Our very own Turfite

By TheLongside.co.uk
June 3 2006

Our very own Turfite talks us through his first (and last) experience watching his local team, Malaga, in the fourth part of 'An Exiled Turfite'.

It's Malaga, not Burnley

Where you can drink champagne on beer money. Well almost.

 

 

My first and last football match in Spain was about three years ago at La Rosaleda, home of Malaga FC. We had just bought our house in Spain and decided to spend seven weeks over here to ease or way in to the Spanish way of life. Unbeknown to us there was an English couple living on the next street, and not only were they English, but also from Claret and Blue Land (Burnley).

 

Duncan and his wife Ruth had move to Spain some twelve months earlier from the Duke Bar area. Duncan was a season ticket holder at Malaga, and one night he called to say that one of his friends couldn't make the match and would I like to use his ticket?

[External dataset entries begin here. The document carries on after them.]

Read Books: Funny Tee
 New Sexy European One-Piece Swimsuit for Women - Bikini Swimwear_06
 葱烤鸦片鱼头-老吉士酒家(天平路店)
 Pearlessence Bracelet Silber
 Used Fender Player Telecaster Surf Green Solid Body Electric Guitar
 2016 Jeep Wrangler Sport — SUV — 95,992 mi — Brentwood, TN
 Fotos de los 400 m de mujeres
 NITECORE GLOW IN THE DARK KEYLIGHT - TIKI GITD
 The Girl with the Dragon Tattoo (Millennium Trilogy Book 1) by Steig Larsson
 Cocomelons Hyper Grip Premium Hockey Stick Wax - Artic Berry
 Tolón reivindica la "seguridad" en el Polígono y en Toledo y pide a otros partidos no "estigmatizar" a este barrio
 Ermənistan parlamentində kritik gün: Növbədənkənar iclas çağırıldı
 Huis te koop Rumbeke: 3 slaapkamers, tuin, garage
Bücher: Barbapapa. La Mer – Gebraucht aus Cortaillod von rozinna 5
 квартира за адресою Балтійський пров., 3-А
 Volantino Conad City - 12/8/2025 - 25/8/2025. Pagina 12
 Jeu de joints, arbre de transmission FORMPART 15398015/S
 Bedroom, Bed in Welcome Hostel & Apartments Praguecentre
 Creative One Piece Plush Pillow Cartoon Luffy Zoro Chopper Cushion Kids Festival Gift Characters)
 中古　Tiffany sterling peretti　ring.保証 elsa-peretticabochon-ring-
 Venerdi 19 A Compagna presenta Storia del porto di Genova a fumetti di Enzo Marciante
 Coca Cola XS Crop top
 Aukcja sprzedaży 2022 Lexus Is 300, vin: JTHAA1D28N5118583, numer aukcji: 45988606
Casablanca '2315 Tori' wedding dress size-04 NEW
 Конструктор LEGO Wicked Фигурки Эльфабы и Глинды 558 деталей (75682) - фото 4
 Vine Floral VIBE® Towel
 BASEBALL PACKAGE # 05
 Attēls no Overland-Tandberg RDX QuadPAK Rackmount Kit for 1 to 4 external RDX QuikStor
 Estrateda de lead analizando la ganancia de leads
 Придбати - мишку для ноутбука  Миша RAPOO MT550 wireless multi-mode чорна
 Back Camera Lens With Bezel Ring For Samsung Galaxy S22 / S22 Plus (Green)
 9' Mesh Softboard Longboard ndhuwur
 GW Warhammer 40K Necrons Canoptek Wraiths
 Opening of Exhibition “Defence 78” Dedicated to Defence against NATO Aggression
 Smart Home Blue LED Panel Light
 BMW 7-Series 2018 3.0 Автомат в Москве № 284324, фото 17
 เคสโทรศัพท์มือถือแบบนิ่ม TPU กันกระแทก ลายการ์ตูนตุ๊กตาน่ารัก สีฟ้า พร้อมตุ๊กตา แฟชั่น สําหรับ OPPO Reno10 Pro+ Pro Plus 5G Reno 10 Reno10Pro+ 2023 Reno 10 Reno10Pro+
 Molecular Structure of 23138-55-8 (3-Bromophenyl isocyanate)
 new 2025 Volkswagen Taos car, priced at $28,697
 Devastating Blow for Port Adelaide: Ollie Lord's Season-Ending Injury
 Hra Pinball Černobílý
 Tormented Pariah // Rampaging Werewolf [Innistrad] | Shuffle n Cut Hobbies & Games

Of course I jumped at the chance.

 

We set off in his car and picked up another two English lads on the way to our first stop at a little venta (bar). After about half an hour another group of English lads turned up in a mini-bus dressed up in Blue and white of Malaga. After a few beers and tapas we all piled on to the mini-bus and made our way to the ground.

 

On queueing to get in to the ground I saw a bloke with packet of 36 toilet rolls on his shoulder going through the turnstile. I thought it strange that the delivery man had to go through that way. It wasn't until we got to our seats that I noticed the same bloke handing out the toilet rolls to those sat around him, of course I grabbed one. Was this a sign of things to come, or was Malaga a decent team?

 

As the teams came onto the pitch all you could see was a mass of toilet rolls flying through the air along with little pieces of paper cut up in to squares.  I soon realised that watching foreign football wasn't like watching my beloved Burnley, more skilful yes, but it was a shame that most of the skill was trying to deceive the referee.

 

Oscar comes in to mind as everytime one of the opposing team went anywhere near a player he would hit the ground like someone had shot him, but with the grace of a swan. The crowd jumped up in the air baying for the blood of the offending player like a matador going for the kill.

 

Even the lads from England had been taken over by the crowd as they joined in with the booing and jeering until the referee had taken the players name. Then it was time for the player to stop rolling around the floor and push all his team mates aside and take the free kick. This seemed to be the theme throughout the match.

 

How I wished a Norman Hunter type player would come on and show them that football is a man’s game and see how they would have coped with a good old-fashioned up and under. On the way home I said to Duncan about the players hitting the deck everytime a player went anywhere near them and he was horrified that I thought that the players were diving.

 

I just thought to myself that the sun must have gone to his head or to much sangria! Give me the good old-fashioned English footie any day of the week, none of this continental stuff for me!